I feel that the past two years have been a pivotal time of personal development in my life. I feel content in that I know within myself that I have developed into the person I’d always hoped to be. But 2 years ago, I hadn’t found that identity quite yet, and it’s through my experiences both at home and abroad that I have hastily matured into adulthood.

It’s strange saying that, because rarely before have I considered myself as an adult, and even now I am still hesitant of the once grand moniker. I don’t know what qualifies a person as an “adult” besides the obvious legal requisite of being above 18 years old, but I reckon that maybe I have hit that nebulous mark of maturation.

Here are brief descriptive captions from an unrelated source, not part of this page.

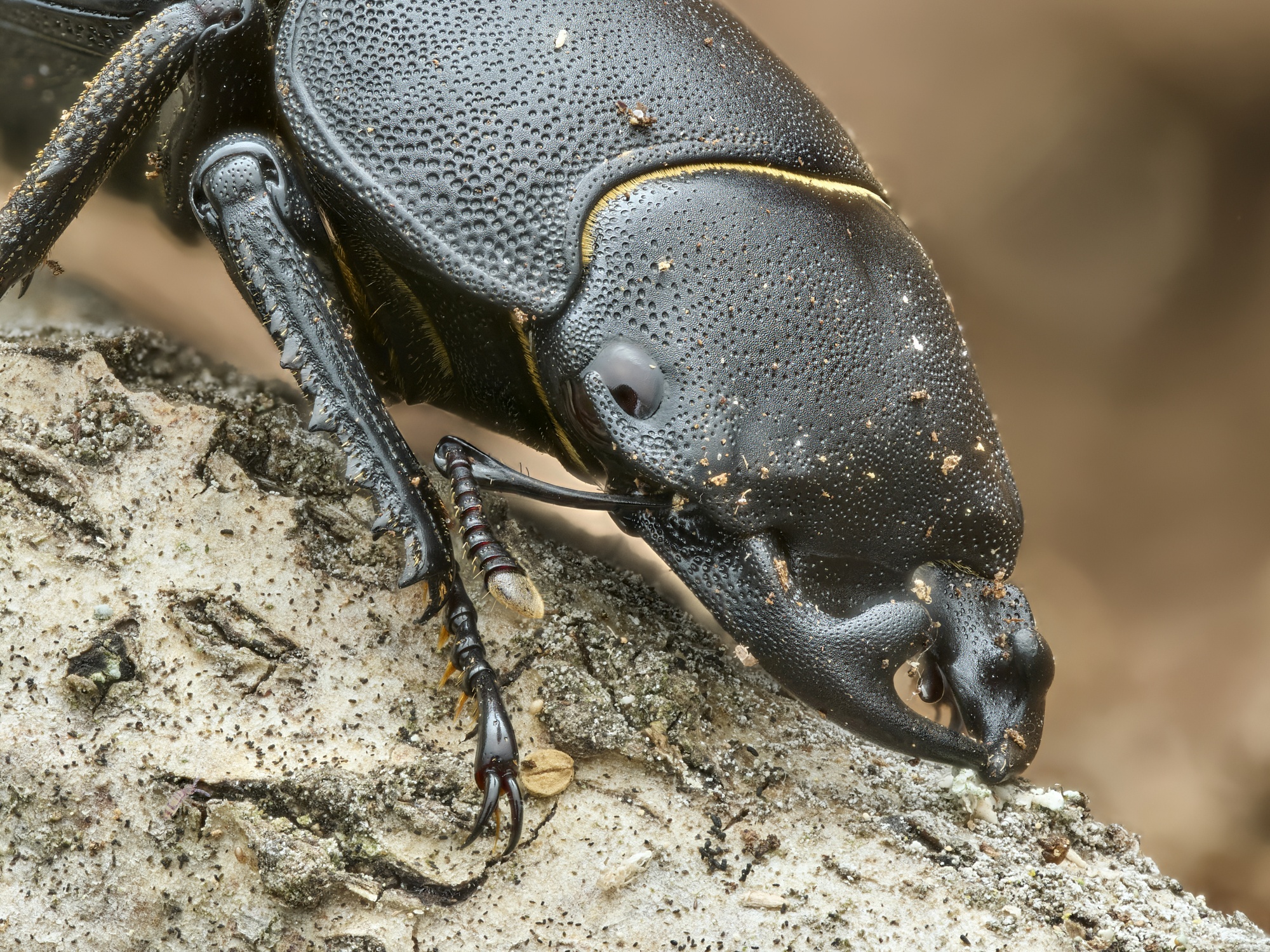 Dorcus parallelipipedus 2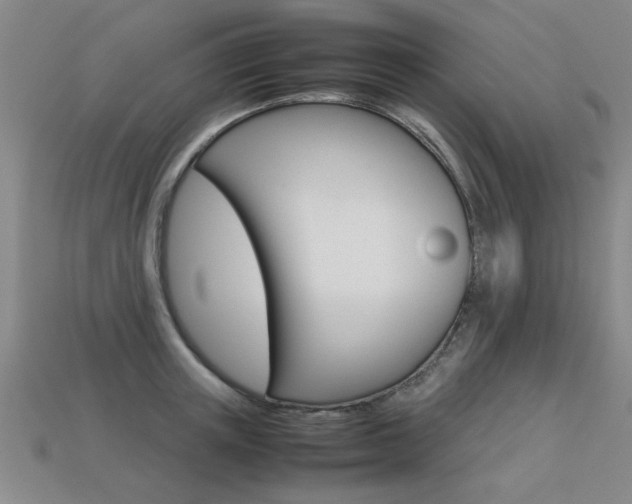 X0000113350851200909151025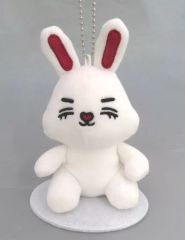 即購入可能・即日発送】エスクプス ぬいぐるみ MINITEEN - メルカリ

I guess China has played a big part in my maturation in that it has provided a mirror in which reflects the differences between life abroad and life at home. Being an active participant in Chinese culture has, I think, allowed me to better understand my own identity and everything that had previously come to define it in Australia and why. In which case, I have realised that I don’t necessarily have to accept what is good, fine and acceptable anywhere as being good, fine and acceptable. When you’re given a point of comparison it’s easier to see more clearly through the social and cultural fabric of the world. That is, you can see things for what they really may well be. From this, I think that the past 2 years have genuinely been an experience of letting go of the constraints which have become apparent and through that finding and nurturing a newer self.

In Shanghai, one night a year and a half ago, it all came back to me. I was vividly reminded of how taking the bus, playing video games, having longer hair, wearing glasses, not binge drinking, wanting to actually make something of my life (as opposed to adopting a devil-may-care attitude) and trying to act intelligently and speak with articulation would all result in a sort of social scorn. These were items of leverage, tools to demean me as an individual. Living in China made me realise that I can in fact refuse these things, that I can go to a different place, a place where these variables do not make logical sense within the social concious, and in such a place I can flourish and evolve. Right there and then, I made an agreement with myself to refuse the constraints of the commodified world which push us towards blind slavery.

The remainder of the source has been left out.